Now, don’t get me wrong, I still loved this issue of Ninjak, but I really, really want to know what happens next in the actual story! That’s not to be though as writer Matt Kindt has a little something else in mind for this one. Namely, a trip back to see the origins of the hero’s two newest adversaries- Roku and Kannon.
Rook is a near match of King herself, and an expert assassin. But she’s more that just that, and that’s where she gets a little edge over Ninjak- she’s a suer-human capable of cellular-level control over her body. As a result, she uses her long locks as a weapon, one with deadly capabilities.

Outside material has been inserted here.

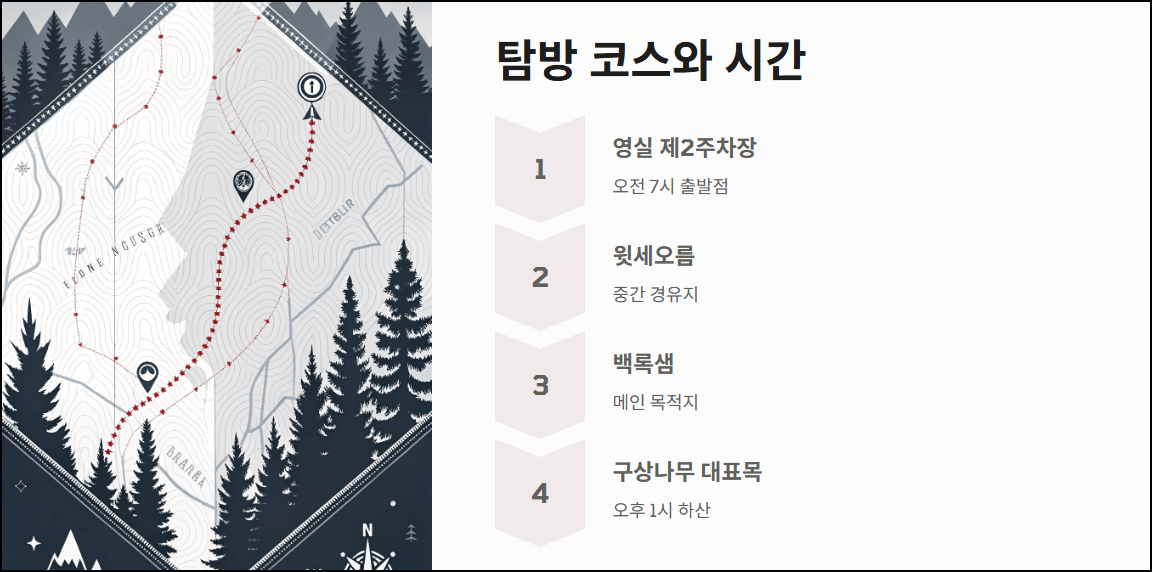 탐방 코스와 시간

As for Kannon, he’s a little more mysterious. An arms dealer in the present, it seems that Kannon has a past that brought him into contact with the same cult that trained Roku. Both of those things spell out some serious problems for Ninjak, as you’ll find out from the story in its entirety.
And as usual, that story is fantastically written by Kindt, who’s work I enjoy immensely. He gets across plenty of detail into the lives of both Roku and Kannon in the two stories, basically giving you a history lesson on both, as though they’ve been around for a good long time and have featured in way more comics than the handful that they have (though I suspect that might change). There’s also a pretty surprising little cameo in this issue, one that (trust me) you’re not expecting and one that might just foreshadow some big things down the road (hint*hint*Book of Death*hint).
As for the visuals, this one’s a team effort with work coming from Juan José Ryp and Marguerite Sauvage, as well as series regulars Clay Mann and Butch Guice. And guess what? All of it’s fantastic. As is now standard with Ninjak, the two stories in the book have completely different visual feels, with the Kannon entry having a simple look, and being somewhat primitive-feeling.
That’s not a bad thing by any means, as it fits the story well, but Roku’s though, wow is Roku’s origin absolutely stunning. The level of detail is off the charts here as we see a character getting fantastical abilities and facing some incredible foes (who all look amazing)- and that’s just her initiation into the cult, which is all kinds of weird by the way.
Another issue of Ninjak and another ‘must read’.
It’s funny, but even when this book leaves its hero on the cutting room floor it manages to be a knockout of a comic and a surefire enjoyable read. The art is awesome and the story is perfectly paced and hints at so many cool things that I actually want to read a solo book with Roku as the star- and she’s supposed to be the villain!
Even so though, that doesn’t mean that I’m not seriously still looking forward to issue #5, where we return to King and his dealings with both Roku and Kannon. It’s just that all facets of this book have hit the ground running and have yet to ease up any, so I don’t even mind peeking into the lives of the supporting cast at the expense of the main narrative.
Yes, it’s that interesting. Go read it (but try and get the first three issues first!).